Caro : La préparation de la pièce s’est déroulée en deux temps. Le travail à la table a pris une semaine. C’est la phase qui consiste à analyser le texte et construire autour des personnages toute une histoire, une biographie. Il fallait que nous inventions les vies de tous les personnages pour entrer dans leur intimité et pour leur donner davantage d’étoffe et de densité mais également pour nous permettre de mieux en cerner les différentes facettes et bien les interpréter. Les répétitions ont ensuite pris trois mois jusqu’à la première.

« Les réactions des spectateurs correspondent-elles toujours à vos attentes ? »

Caro : L’atmosphère d’une salle de théâtre peut varier du tout au tout surtout selon que l’on joue un jour de semaine ou le weekend. Il arrive souvent que les spectateurs soient très distants et passifs à l’égard de ce qui se joue devant eux. La présence de « scolaires » est souvent réconfortante, elle rend la représentation plus dynamique. La plupart du temps, les réactions sont celles attendues mais il y a des moments où elles sont soit meilleures que prévues soit moins bien. Les acteurs guettent toujours les réactions du public, s’inquiètent de ses silences aux moments où ils attendaient une réaction particulière, et estiment leur performance en comparant les différentes représentations.
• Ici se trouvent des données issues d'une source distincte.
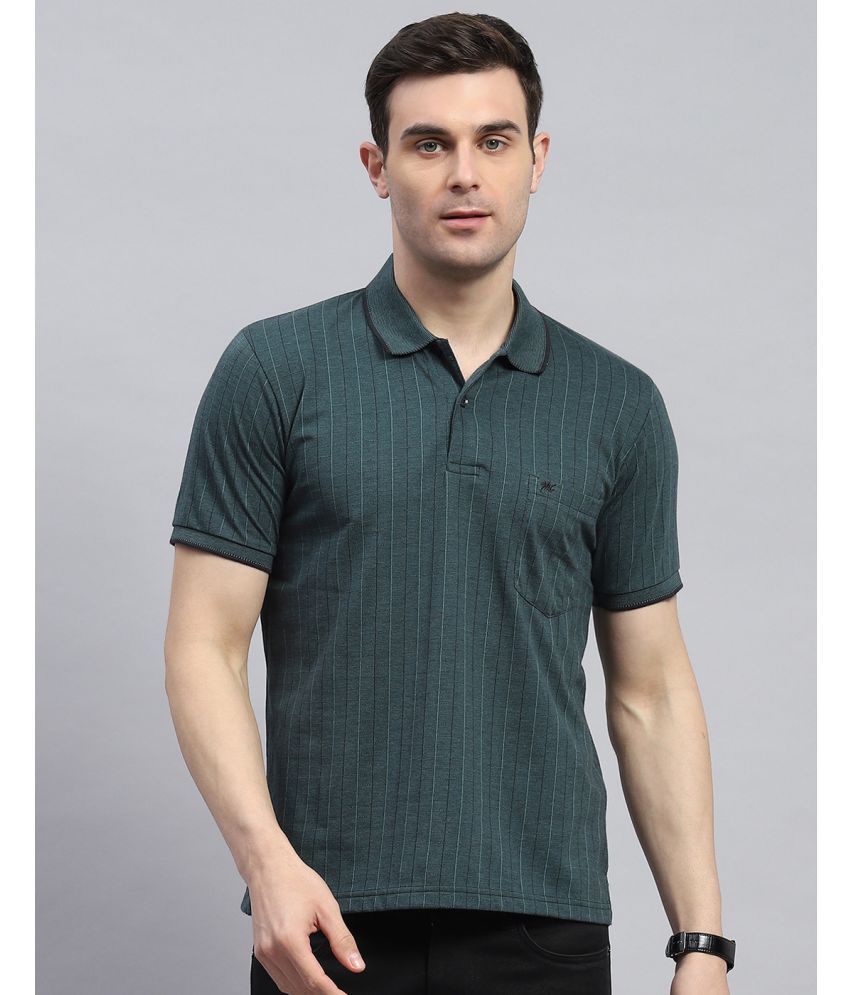     			Monte Carlo Cotton Blend Regular Fit Striped Half Sleeves Men's Polo T Shirt - Green ( Pack of 1 )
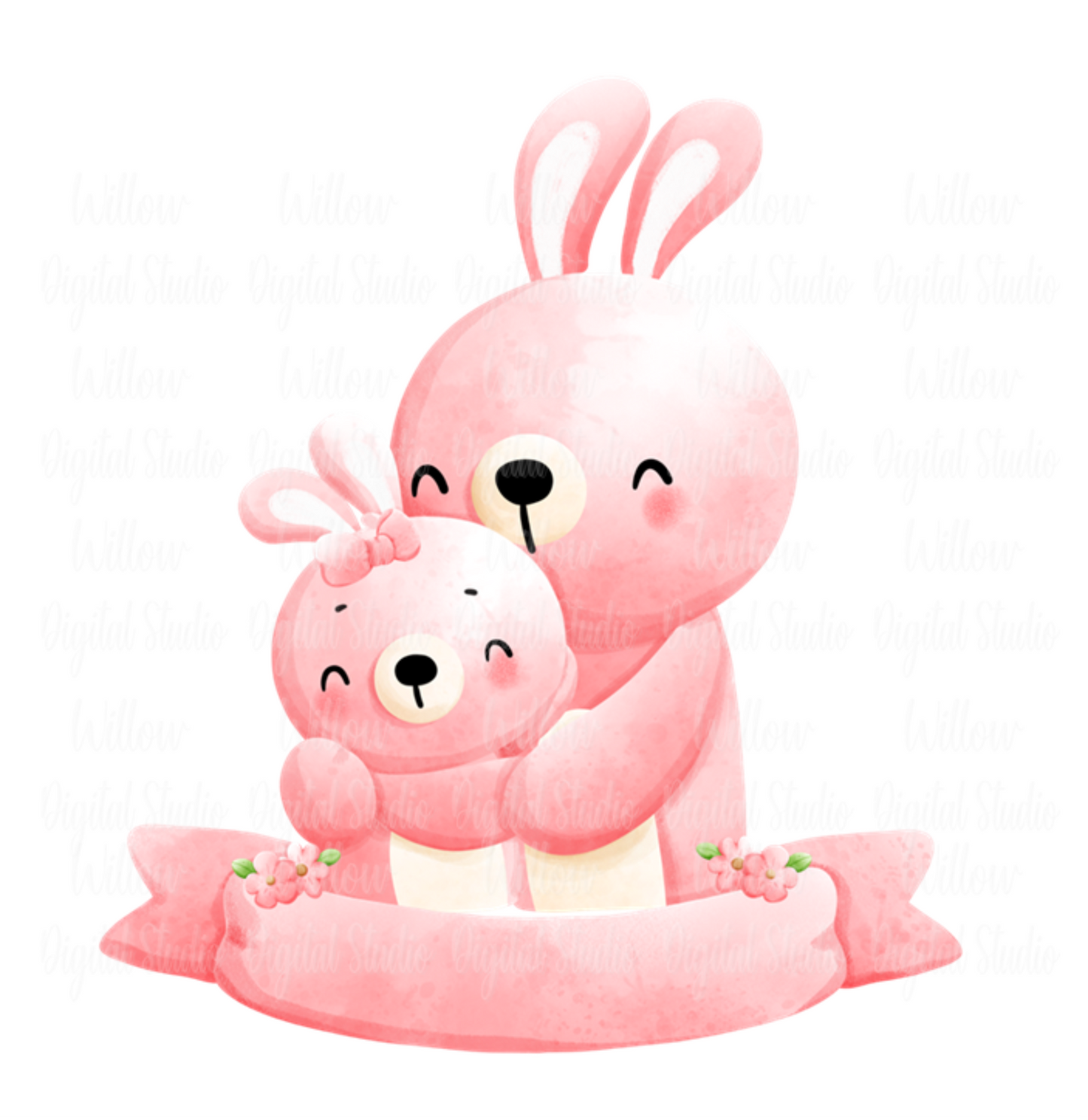 Bunny Mum & Baby With Blank Scroll Digital Download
La présence de votre classe ce soir-là a favorisé les moments de rire par exemple puisque les jeunes ont plus de facilité à rire et à exprimer leurs émotions que les personnes plus âgées.
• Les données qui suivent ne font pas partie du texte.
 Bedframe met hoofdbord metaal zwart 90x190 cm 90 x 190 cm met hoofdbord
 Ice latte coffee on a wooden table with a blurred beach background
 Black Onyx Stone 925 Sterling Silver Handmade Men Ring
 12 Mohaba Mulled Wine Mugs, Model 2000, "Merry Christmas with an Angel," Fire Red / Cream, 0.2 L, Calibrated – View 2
« Pensez-vous qu’il y ait une morale à cette histoire ? »

Caro : Non je ne pense pas qu’il y est de morale à cette histoire cependant je pense qu’il y a plusieurs interrogations ou problématiques comme celle concernant le rapport de la mère à l’enfant, celle portant sur métier d’artiste, celle s’intéressant à ce qu’est une forme littéraire nouvelle, celle sur l’amour, avec les triangles amoureux, celle sur la mort et celle sur la vie… Cette pièce est très riche et c’est aussi pour cela que nous avons choisi de la représenter.

« Peut-on vivre du métier de comédien ? »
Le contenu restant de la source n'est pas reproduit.